» What you are asked to do: Copy exactly the lines from the line holding "205 - LARGE" through the end of the material, and no others; pictures stay out.

» Record set:
• • • • • • •
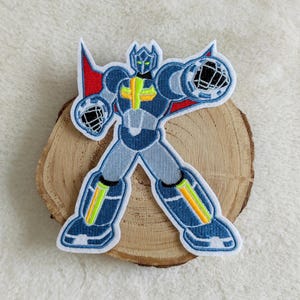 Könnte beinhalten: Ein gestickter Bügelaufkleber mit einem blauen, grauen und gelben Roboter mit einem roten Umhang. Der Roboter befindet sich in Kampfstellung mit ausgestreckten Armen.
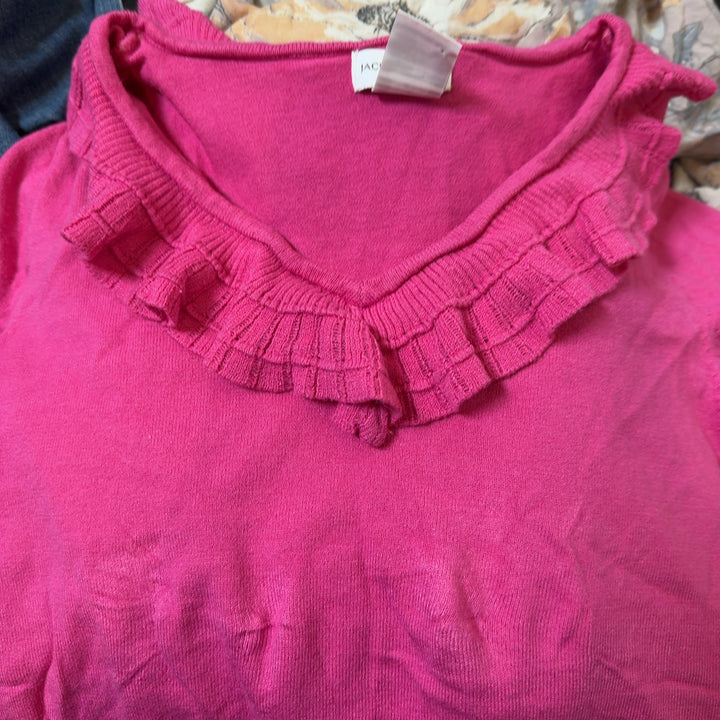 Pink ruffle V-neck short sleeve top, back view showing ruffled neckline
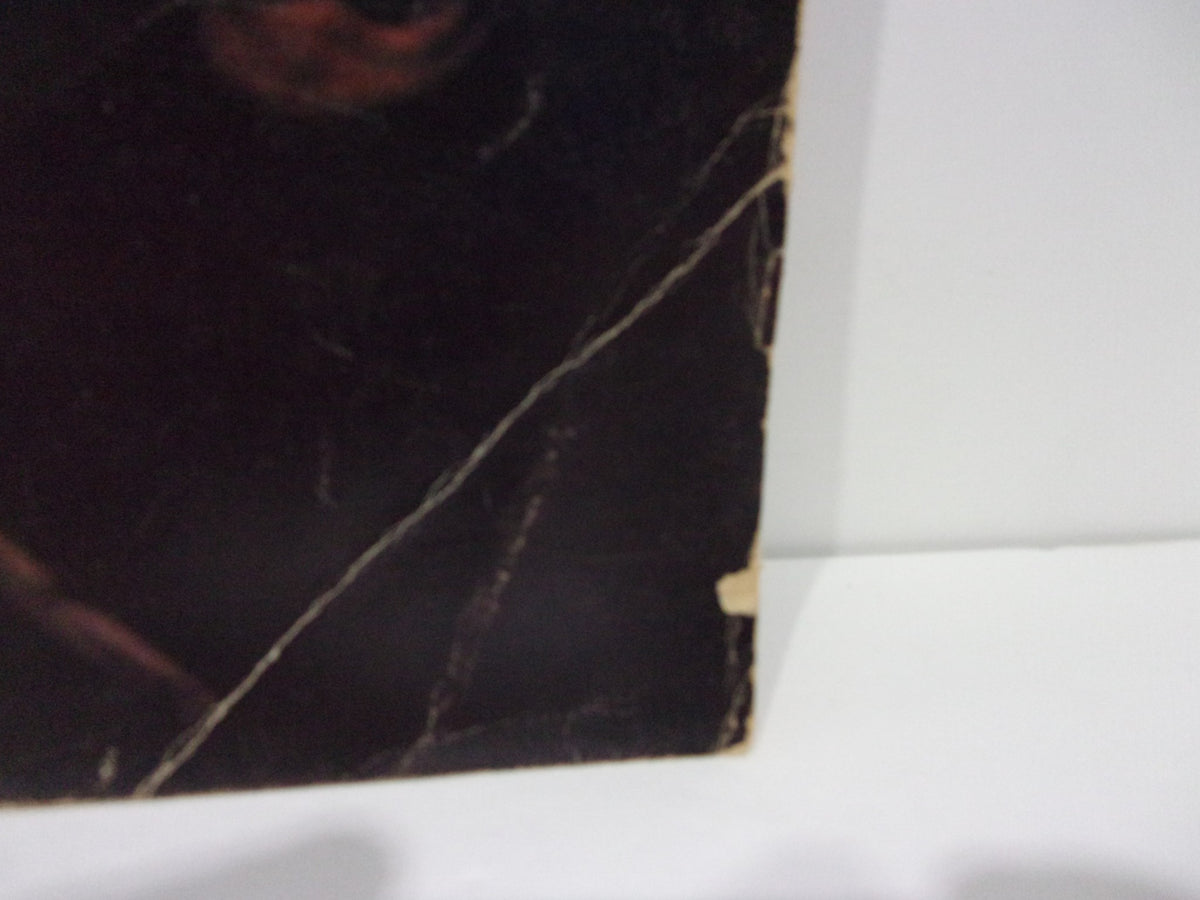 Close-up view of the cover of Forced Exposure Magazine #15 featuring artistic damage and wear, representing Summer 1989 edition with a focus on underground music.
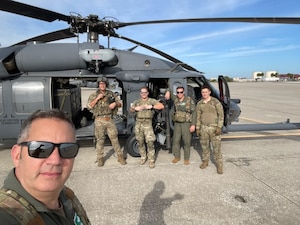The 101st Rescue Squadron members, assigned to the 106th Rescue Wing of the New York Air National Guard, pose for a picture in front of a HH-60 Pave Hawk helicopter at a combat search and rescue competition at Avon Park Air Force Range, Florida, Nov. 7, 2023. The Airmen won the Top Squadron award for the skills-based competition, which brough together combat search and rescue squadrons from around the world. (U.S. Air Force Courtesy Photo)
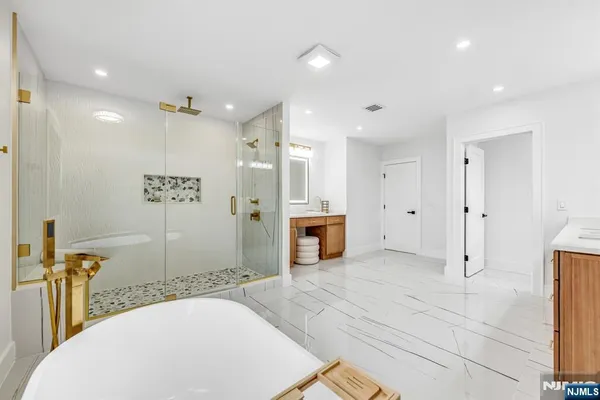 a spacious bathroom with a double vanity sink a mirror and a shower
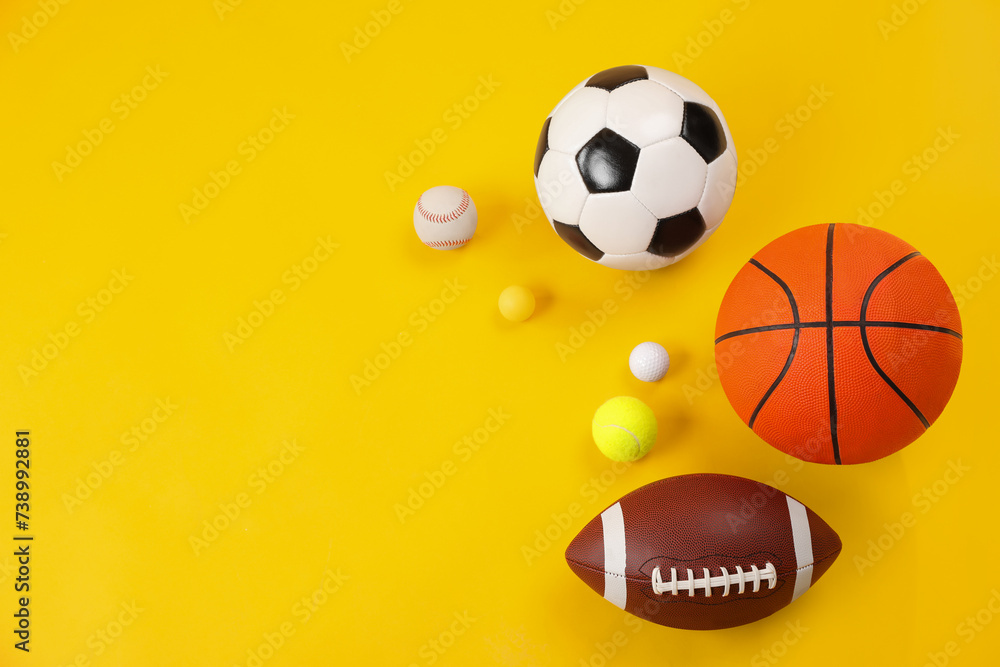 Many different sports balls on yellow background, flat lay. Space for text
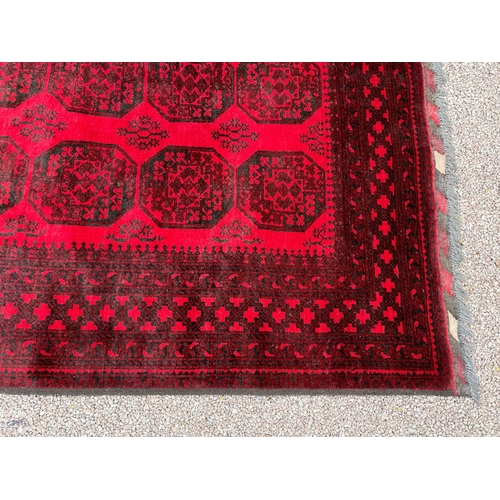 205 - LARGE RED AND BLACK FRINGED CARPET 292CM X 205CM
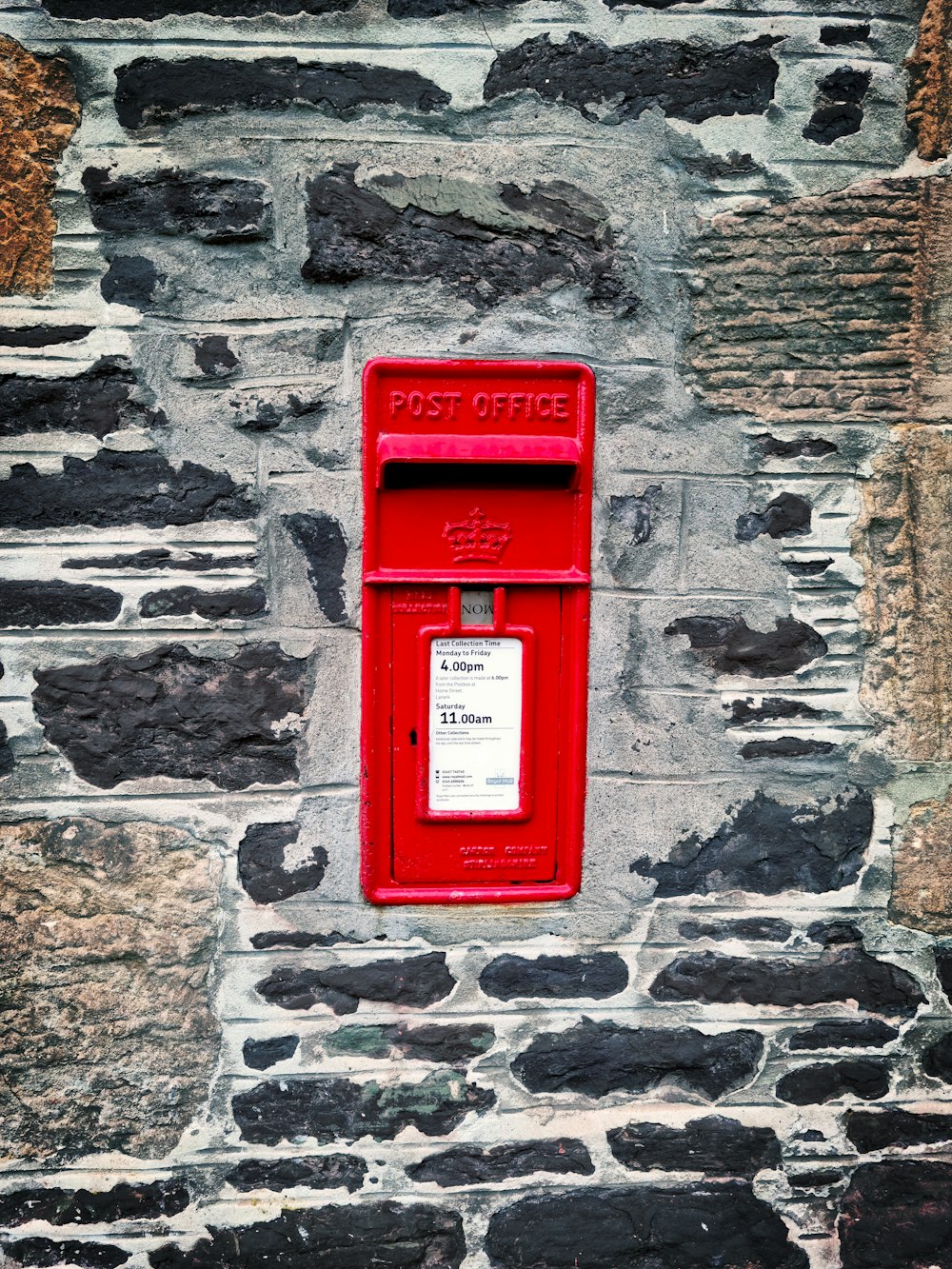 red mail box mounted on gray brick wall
• • • • • • •
» Answer to this problem:
 205 - LARGE RED AND BLACK FRINGED CARPET 292CM X 205CM
 red mail box mounted on gray brick wall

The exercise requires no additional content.